Unraveling Epigenetic Interplay between Inflammation, Thrombosis, and Immune-Related Disorders through a Network Meta-analysis

Abstract

Inflammation and thrombosis are two distinct yet interdependent physiological processes. The inflammation results in the activation of the coagulation system that directs the immune system and its activation, resulting in the initiation of the pathophysiology of thrombosis, a process termed immune-thrombosis. Still, the shared underlying molecular mechanism related to the immune system and coagulation has not yet been explored extensively. Inspired to answer this, we carried out a comprehensive gene expression meta-analysis using publicly available datasets of four diseases, including venous thrombosis, systemic lupus erythematosus, rheumatoid arthritis, and inflammatory bowel disease. A total of 609 differentially expressed genes (DEGs) shared by all four datasets were identified based on the combined effect size approach. The pathway enrichment analysis of the DEGs showed enrichment of various epigenetic pathways such as histone-modifying enzymes, posttranslational protein modification, chromatin organization, chromatin-modifying enzymes, HATs acetylate proteins. Network-based protein-protein interaction analysis showed epigenetic enzyme coding genes dominating among the top hub genes. The miRNA-interacting partner of the top 10 hub genes was determined. The predomination of epitranscriptomics regulation opens a layout for the meta-analysis of miRNA datasets of the same four diseases. We identified 30 DEmiRs shared by these diseases. There were 9 common DEmiRs selected from the list of miRNA-interacting partners of top 10 hub genes and shared significant DEmiRs from microRNAs dataset acquisition. These common DEmiRs were found to regulate genes involved in epigenetic modulation and indicate a promising epigenetic aspect that needs to be explored for future molecular studies in the context of immunothrombosis and inflammatory disease.
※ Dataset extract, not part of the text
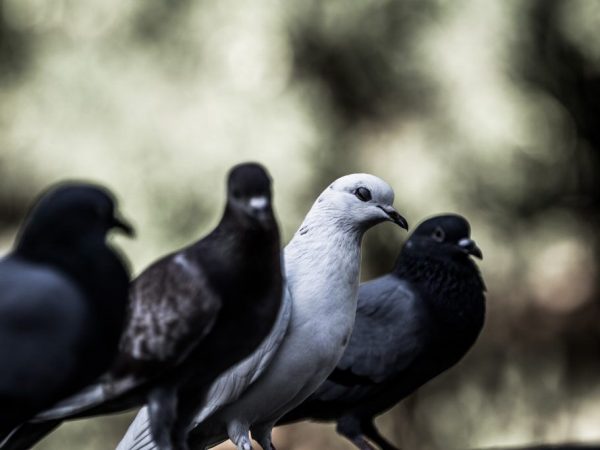 Signs about pigeons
Keywords: epigenetic modulators; hypoxia; inflammation; meta-analysis; miRNA; thrombosis.

Fig. 1

Workflow and processing of mRNA and microRNA microarray datasets. ( A ) Diagram depicting the workflow of the retrieval and selection of the microarray datasets along with inclusion and exclusion criteria of individual datasets included in the meta-analysis. ( B ) Workflow of the process of microarray and microRNA datasets through meta-analysis. Depiction of the flow chart of the process involved in integrated meta-analysis of selected microarray datasets of mRNA and miRNA expression. BOEC, blood outgrowth endothelial cells; GEO, gene expression omnibus; IBD, inflammatory bowel disease; PBMCs, peripheral blood mononuclear cells; PE, pulmonary embolism; RA, rheumatoid arthritis; SLE, systemic lupus erythematosus; VT, venous thrombosis.

Fig. 2

Analysis of datasets for the identification of gene and its share with other disease. ( A ) Density plot to compare clustering and distribution patterns before batch removal and ( B ) after applying batch removal using the Combat procedure. ( C ) Visualization of volcano plot showing DEGs of the microarray datasets. ( D ) The Venn diagram showing the distribution of DEGs between individual diseases and their relationship between them. DEGs, differentially expressed genes.

Fig. 3

Hub gene expression and their regulated pathways. ( A ) Expression pattern of selected hub gene which shows the expression in different disease conditions. I. HDAC1 ( p -value = 0.0125), II. HDAC2 ( p -value = 0.002), III. PRKDC ( p -value = 0.002), IV. CDKN1A ( p -value = 0.000769), V. RBBP4 ( p -value = 0.0074). ( B ) Pathway enrichment interaction showing the significant pathway. Network overrepresentations of enriched pathway and gene ontology integrating the Kyoto Encyclopedia of Genes and Genomes (KEGG) and Reactome pathways for the top 20 hub genes using Cytoscape plug-in, ClueGO. Right-sided hypergeometric distribution tests, with an adjusted p -value of 0.05, followed by the Bonferroni adjustment based on the highest significance. ( C ) Enriched pathway of shared DEGs using online tool Kobas3.0 in a tabular format. HATs, Histone acetyltransferases; HIF, hypoxia inducible factor; NF-κB, Nuclear factor-κB; Kyoto encyclopedia of genes; NOD, nucleotide-binding, oligomerization domain; TP53, tumor protein p53.

Fig. 4

Analysis of miRNA dataset for the identification of DEmiRs and its interaction with the associated DEGs. ( A ) The Venn diagram showing the distribution of DEmiRs between individual diseases, their relationship between them, and the common DEmiRs among all the diseases. ( B ) Interaction of top 10 hub genes with the common DEmiRs from the microRNA list of the top 10 hub genes and DEmiRs selected from the microRNAs datasets.